Fibonacci sequence define as: $x_1=x_2=1 , x_n=x_{n-1}+x_{n-2}$ for $n \ge 1$ prove the sequence $t_n=\cfrac{x_{n+1}}{x_n}$ is convergent.

First of all I start by calculating some of the first terms of the $t_n$ sequence:

$\begin{array}{rcc} n:&1&2&3&4&5&6\\ t_n:&\frac11&\frac21&\frac32&\frac{5}3&\frac{8}{5}&\frac{13}{8} \end{array}$

It seems for even values of $n$ the sequence is decreasing and for odd values of $n$ it is increasing.

To prove the first statement (where $n=2k$) , I should prove $t_{2k}- t_{2k+2}\ge 0$ :

$$\cfrac{x_{2k+1}}{x_{2k}}- \cfrac{x_{2k+3}}{x_{2k+2}} \ge0$$

$$\cfrac{x_{2k+1} \cdot x_{2k+2}- x_{2k+3} \cdot x_{2k}}{x_{2k} \cdot x_{2k+2}} \ge 0$$

$$x_{2k+1} \cdot x_{2k+2} \ge x_{2k+3} \cdot x_{2k}$$

$$x_{2k+1} \cdot (x_{2k}+x_{2k+1}) \ge x_{2k} \cdot (x_{2k+1}+x_{2k+2})$$

$$x_{2k+1} \times x_{2k+1} \ge x_{2k} \times x_{2k+2}$$ Here I don't khow how to proceed.

Answer 1

Note: I'm not 100% certain that this can be an acceptable answer, so I'm asking others to help me improve it, but this is what I've thought about the problem.

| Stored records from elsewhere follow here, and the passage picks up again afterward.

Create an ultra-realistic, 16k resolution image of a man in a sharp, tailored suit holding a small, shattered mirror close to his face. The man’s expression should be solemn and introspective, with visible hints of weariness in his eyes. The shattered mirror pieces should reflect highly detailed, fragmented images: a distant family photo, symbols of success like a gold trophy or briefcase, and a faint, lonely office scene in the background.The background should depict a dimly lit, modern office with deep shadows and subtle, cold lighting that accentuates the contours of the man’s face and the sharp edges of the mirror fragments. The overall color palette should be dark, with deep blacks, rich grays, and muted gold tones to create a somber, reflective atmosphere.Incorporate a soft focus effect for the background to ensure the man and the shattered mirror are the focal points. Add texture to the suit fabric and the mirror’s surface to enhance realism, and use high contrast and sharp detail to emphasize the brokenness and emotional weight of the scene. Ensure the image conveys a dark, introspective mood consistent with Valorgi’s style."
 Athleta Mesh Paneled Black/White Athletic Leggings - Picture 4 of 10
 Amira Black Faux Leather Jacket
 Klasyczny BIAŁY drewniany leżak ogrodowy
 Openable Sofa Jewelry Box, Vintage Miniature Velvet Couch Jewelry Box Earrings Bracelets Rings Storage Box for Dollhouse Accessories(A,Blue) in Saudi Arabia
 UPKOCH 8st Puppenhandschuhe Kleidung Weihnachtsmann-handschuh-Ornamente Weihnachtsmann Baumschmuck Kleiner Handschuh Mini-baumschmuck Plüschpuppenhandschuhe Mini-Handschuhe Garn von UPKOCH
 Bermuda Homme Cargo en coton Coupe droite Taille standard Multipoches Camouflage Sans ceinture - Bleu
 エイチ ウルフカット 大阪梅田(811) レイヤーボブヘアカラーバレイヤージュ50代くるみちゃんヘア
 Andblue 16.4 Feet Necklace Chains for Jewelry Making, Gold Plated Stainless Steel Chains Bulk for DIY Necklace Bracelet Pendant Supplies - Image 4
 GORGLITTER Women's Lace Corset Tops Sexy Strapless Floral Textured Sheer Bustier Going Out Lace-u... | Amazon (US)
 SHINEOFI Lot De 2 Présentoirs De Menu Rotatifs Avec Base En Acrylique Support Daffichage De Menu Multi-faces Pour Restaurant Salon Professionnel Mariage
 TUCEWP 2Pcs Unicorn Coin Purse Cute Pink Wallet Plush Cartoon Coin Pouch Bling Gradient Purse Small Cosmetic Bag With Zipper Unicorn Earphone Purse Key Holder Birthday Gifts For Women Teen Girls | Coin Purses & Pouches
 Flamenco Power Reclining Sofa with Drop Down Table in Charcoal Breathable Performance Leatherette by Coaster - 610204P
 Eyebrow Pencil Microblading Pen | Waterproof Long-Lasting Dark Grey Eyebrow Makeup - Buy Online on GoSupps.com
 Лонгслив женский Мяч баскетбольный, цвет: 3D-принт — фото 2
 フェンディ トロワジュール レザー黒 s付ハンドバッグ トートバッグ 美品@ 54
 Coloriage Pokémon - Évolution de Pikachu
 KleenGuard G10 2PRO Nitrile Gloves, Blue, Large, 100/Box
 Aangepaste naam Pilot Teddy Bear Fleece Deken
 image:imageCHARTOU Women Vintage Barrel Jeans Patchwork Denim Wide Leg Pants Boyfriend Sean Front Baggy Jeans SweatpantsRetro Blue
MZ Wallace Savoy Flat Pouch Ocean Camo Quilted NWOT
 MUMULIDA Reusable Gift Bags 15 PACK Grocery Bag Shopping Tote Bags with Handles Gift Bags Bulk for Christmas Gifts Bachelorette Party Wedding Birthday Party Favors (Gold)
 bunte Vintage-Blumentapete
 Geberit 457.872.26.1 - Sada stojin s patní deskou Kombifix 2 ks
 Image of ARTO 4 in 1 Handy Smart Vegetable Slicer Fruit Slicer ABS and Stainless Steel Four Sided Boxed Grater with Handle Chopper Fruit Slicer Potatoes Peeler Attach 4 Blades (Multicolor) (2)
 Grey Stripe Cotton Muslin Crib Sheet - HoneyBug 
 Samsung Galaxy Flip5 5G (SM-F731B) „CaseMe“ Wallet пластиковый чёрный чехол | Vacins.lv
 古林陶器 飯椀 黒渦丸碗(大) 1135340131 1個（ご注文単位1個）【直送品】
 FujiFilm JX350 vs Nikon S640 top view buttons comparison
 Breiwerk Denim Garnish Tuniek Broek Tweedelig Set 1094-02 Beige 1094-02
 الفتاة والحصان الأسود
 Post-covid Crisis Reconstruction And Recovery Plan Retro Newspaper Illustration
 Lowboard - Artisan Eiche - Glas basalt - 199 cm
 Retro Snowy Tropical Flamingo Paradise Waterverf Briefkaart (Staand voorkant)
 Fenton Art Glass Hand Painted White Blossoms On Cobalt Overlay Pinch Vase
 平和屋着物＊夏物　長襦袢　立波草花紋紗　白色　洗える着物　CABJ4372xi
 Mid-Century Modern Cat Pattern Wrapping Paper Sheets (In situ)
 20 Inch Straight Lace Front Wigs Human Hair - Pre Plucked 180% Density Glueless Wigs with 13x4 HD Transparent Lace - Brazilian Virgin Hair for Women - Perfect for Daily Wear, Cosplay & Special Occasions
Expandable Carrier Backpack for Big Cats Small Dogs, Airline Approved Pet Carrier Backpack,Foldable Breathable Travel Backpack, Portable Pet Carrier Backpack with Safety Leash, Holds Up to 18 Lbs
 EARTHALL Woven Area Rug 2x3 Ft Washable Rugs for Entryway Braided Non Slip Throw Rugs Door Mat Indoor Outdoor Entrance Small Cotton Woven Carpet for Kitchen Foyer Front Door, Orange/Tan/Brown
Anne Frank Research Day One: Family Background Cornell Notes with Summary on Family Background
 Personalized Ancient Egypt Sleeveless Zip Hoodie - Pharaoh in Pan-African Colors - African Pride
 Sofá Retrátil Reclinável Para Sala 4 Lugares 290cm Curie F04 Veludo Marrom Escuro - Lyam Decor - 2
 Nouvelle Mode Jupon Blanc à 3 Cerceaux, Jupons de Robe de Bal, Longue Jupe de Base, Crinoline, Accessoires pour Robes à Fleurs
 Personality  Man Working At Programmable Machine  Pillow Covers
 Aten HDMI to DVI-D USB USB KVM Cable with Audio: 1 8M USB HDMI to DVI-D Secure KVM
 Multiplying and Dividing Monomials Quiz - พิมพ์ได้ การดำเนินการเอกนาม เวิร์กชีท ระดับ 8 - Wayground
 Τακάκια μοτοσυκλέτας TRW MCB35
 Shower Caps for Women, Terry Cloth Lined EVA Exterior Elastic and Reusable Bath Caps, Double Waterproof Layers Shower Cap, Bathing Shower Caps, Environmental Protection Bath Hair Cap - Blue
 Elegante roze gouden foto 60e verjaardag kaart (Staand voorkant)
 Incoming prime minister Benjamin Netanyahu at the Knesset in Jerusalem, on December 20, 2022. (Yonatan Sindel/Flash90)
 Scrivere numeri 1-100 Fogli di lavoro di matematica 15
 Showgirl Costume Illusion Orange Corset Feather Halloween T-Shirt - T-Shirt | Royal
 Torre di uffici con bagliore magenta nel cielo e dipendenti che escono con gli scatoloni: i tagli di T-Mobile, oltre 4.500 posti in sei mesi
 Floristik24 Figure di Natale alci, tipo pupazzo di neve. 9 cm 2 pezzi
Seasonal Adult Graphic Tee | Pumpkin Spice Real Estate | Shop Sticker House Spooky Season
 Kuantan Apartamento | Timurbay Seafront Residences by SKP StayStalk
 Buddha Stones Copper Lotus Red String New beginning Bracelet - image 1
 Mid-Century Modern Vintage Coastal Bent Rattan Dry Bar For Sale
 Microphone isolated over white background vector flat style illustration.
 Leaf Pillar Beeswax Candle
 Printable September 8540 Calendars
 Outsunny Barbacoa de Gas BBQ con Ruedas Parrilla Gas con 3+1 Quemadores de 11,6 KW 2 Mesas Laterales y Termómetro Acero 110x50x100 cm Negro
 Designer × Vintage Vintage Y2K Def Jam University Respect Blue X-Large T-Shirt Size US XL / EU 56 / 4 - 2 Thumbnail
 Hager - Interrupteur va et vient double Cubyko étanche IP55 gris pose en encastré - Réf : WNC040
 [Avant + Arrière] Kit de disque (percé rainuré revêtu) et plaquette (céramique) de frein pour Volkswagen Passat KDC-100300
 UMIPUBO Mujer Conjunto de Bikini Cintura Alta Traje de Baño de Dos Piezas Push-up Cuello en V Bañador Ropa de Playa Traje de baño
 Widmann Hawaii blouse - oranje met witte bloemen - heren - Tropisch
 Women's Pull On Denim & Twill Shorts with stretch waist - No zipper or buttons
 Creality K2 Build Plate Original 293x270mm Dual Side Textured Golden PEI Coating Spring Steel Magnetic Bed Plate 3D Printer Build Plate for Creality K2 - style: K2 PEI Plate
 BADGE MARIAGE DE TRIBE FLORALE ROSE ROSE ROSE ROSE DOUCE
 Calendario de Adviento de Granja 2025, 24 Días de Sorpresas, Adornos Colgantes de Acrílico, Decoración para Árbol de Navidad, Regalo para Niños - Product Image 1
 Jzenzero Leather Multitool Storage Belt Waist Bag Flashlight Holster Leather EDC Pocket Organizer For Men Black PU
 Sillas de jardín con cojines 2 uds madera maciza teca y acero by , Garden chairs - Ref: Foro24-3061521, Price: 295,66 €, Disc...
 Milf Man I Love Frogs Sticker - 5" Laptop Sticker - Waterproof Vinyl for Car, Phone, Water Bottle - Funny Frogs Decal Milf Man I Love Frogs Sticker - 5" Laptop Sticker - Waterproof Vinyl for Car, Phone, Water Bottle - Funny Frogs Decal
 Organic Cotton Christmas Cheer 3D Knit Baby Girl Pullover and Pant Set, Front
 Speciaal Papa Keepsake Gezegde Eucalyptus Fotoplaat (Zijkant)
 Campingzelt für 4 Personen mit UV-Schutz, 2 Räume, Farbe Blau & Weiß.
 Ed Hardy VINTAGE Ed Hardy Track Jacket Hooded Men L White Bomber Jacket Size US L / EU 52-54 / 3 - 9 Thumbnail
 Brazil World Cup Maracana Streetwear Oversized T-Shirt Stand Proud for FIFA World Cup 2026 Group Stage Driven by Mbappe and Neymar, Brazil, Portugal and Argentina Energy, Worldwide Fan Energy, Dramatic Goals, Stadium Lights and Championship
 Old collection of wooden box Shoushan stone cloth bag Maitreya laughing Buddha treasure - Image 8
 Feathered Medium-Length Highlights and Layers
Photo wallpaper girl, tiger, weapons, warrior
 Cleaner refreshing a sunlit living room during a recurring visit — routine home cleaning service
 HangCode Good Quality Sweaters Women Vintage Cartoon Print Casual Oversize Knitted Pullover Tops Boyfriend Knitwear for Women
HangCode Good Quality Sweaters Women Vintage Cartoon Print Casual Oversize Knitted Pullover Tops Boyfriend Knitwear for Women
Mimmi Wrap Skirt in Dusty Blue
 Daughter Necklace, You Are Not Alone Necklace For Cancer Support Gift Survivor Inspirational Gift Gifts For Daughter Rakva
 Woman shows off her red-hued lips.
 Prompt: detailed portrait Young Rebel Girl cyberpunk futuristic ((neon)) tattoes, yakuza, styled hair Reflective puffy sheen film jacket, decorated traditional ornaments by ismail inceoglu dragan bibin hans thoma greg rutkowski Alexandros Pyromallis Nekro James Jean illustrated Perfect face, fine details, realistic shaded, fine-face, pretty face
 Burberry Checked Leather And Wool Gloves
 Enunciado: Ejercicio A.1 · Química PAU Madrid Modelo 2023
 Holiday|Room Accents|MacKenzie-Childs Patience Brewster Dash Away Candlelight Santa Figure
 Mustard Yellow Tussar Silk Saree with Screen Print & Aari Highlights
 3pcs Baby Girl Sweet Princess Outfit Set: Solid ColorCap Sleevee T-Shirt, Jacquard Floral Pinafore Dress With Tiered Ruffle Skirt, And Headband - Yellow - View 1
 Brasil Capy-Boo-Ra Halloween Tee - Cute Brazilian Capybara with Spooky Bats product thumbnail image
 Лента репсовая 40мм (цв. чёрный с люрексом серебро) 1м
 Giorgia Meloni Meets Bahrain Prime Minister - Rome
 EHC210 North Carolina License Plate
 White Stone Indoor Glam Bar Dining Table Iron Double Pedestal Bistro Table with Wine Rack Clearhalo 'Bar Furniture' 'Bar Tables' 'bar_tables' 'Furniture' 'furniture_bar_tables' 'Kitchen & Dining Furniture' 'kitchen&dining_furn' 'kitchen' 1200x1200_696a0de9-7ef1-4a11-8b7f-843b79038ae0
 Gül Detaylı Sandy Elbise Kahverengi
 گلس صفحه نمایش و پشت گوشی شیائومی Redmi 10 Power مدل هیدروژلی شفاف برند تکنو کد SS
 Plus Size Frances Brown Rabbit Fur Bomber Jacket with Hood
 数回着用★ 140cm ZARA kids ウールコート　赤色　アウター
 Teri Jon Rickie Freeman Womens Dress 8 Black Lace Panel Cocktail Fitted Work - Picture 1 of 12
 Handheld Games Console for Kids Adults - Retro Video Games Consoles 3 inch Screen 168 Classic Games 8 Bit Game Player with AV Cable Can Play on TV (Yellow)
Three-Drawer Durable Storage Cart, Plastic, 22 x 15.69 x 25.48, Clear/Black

Writing $t_n$ as $t_n=1+\frac{1}{t_{n-1}}, n\in\Bbb{N}$ with $t_0=\infty$, we see that $$(t_n)=\{1,2,3/2,5/3,8/5,13/8,\dots\}.$$ Like you have observed, the even-index terms are decreasing and the odd-index terms are decreasing. Let's prove this by induction. The proposition is that $t_{2n}>t_{2(n+1)}$ $$ \implies\frac{1}{t_{2n}}<\frac{1}{t_{2(n+1)}}\implies 1+\frac{1}{t_{2n}}<1+\frac{1} {t_{2(n+1)}}\implies t_{2n+1}<t_{2(n+1)+1} $$ This proves that the odd-index terms are increasing. Similarly, we start with the proposition $t_{2n-1}<t_{2n+1}$ $$ \implies \frac{1}{t_{2n-1}}>\frac{1}{t_{2n+1}}\implies 1+\frac{1}{t_{2n-1}}>1+\frac{1}{t_{2n+1}}\implies t_{2n}>t_{2(n+1)} $$ which proves that the even-index terms are decreasing.

Observe that $0<t_{2n}<2$ and $1\leq t_{2n-1}<2$. Thus these are bounded and hence by the Monotone Convergence Theorem, the subsequences converge. Since these are subsequences of the given sequence $(t_n)$, we can conclude that $(t_n)$ also converges.

Answer 2

$$X_n=\frac{1}{\sqrt{5}}\left[\left(\frac{1+\sqrt{5}}{2}\right)^n-\left(\frac{1-\sqrt{5}}{2}\right)^n\right]=\frac{a^n-b^n}{\sqrt{5}}$$ So $\lim_{n \to \infty} \frac{X_{n+1}}{X_n}=a=\frac{1|+\sqrt{5}}{2}$

Answer 3

Hint:

You van use this formula:

$$x_n\leqslant\big(\frac53\big)^n$$

$$\frac{x_{n+1}}{x_n}\leqslant\frac53$$

Note: The proof of this formula is in "Discrete and Combinatorial Mathematics, an applied introductioc" ,Ralph. P. Grimaldi

Answer 4

Did anybody recall Cassini's identitiy? $$x_n^2=x_{n+1}x_{n-1}+(-1)^{n+1}$$ For odd $n$, $$x_{2k+1}^2=x_{2k}x_{2k+2}+1$$